I tried luring him away, either outside or at the very least to another room, but he’s not interested in following me around the house.  Maybe he wants a comfy chair or maybe he’s hooked on reality TV.  I don’t know, but he ain't moving.  I can go make a sandwich in peace or have a few minutes to myself in the “reading room,” but when I get back to the sofa, he’s there, waiting for me.  No, not for me.  Waiting for my friggin’ ear!

I’ve got a housefly, which means the living room is No Man’s Land.  I’m not going to be on the console tonight or catching up on Cool & Trendy Cop Show X.  If you need me, I’ll be in the “reading room.”

Of course, I'm pretty sure I left my book in the living room…


Saturday, July 3, 2010

And Now For Something Completely Different

I've decided to go trawling through the archives for an older piece.  By now fairly dated, but I think it holds up well.  If nothing else, consider it a mental snapshot, a picture of the Stuff Inside My Head seven years and one day ago.




I Have a Flag
04/07/2003

I committed a cardinal sin last Christmas; I disappointed my wife. Oh, don't get me wrong. She loved everything she got. It was the gift she gave that disappointed her.

You see, my wife gave me a flag, a star spangled beauty in all its Old Glory, given with love and an understanding of just how long all those miles between Home and Back Home have grown. She moved heaven and earth to find it and shelled out a fair amount of cash to make it mine. And how did I react? I'm not quite sure, but I think my exact words were "Oh. Thanks."

Now, not all that long ago, I was flag hunting myself. Symbols can comfort in times of crisis, and in the wake of That September, I remember feeling so completely isolated, so far from home and helpless. I sat here just like everyone else, but while my neighbours watched an international tragedy unfold, I witnessed a very personal attack on Who We Are.

I remember the intense pride I felt for my countrymen, for their strength and perseverance in the face of disaster. I remember being moved to tears by the international show of support, an especially poignant rendition of You'll Never Walk Alone from the bleachers in Liverpool, and I remember, for reasons I still can't articulate, a need to publicly display the depth of that feeling, the pride and the pain. So I set off to find a flag.

It turns out I wasn't so alone after all.  Back home, flags flew off the shelves and they were a good deal rarer here. So I went without in the short term, and as the days turned to weeks and history unfolded, my sense of patriotic exhibitionism began to wane. In fact, it wasn't long before I was happy enough for the distance.

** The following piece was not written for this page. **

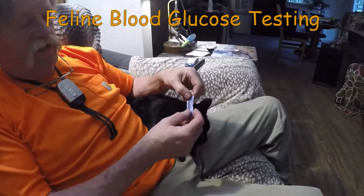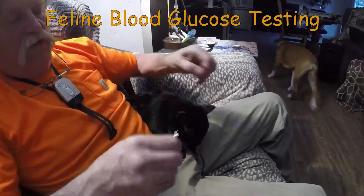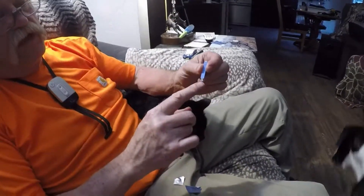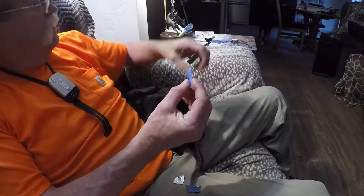This is the reagent strip to test the blood sugar. Take it out — there's the electronic end that goes in the machine. This is the area that you get the blood in.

Which leads us to today. On this side of the Atlantic, it's just another Friday, but over there...


Over there it's Independence Day, a day set aside to celebrate baseball, Coke in green bottles, V8 engines, John Wayne, Motown, hot dogs, and a mythical army of rebels in powdered wigs who made their mark by telling King George to piss off. 

This is the 4th of July. . . and I have a flag.

I pulled it out today, a tightly folded triangle of stars on a field of blue. I stared at it, thinking of my fellow Americans who made me so proud not so long ago. 


I wish I still felt that way.

Politics and foreign policy are topics for another day, but like so many viewing the U.S.from the outside, I find the current trends disturbing.  More disturbing still is the broad support these policies have found.

I have a flag, a gift from my wife, and I love her for her thoughtfulness.  I love my country too, love it dearly, and as much as I would love to shout that love from the rooftops today, I won't.  I know that what is intended as a show of love and affection will be seen as support and approval.

I put the flag away, for now at least, and wait for the day I can celebrate not just Who We Are, but What We Do.


Back to the here and now: I still have the flag, and it's found a permanent home in my son's bedroom alongside the tricolours.  It seems like a fitting display.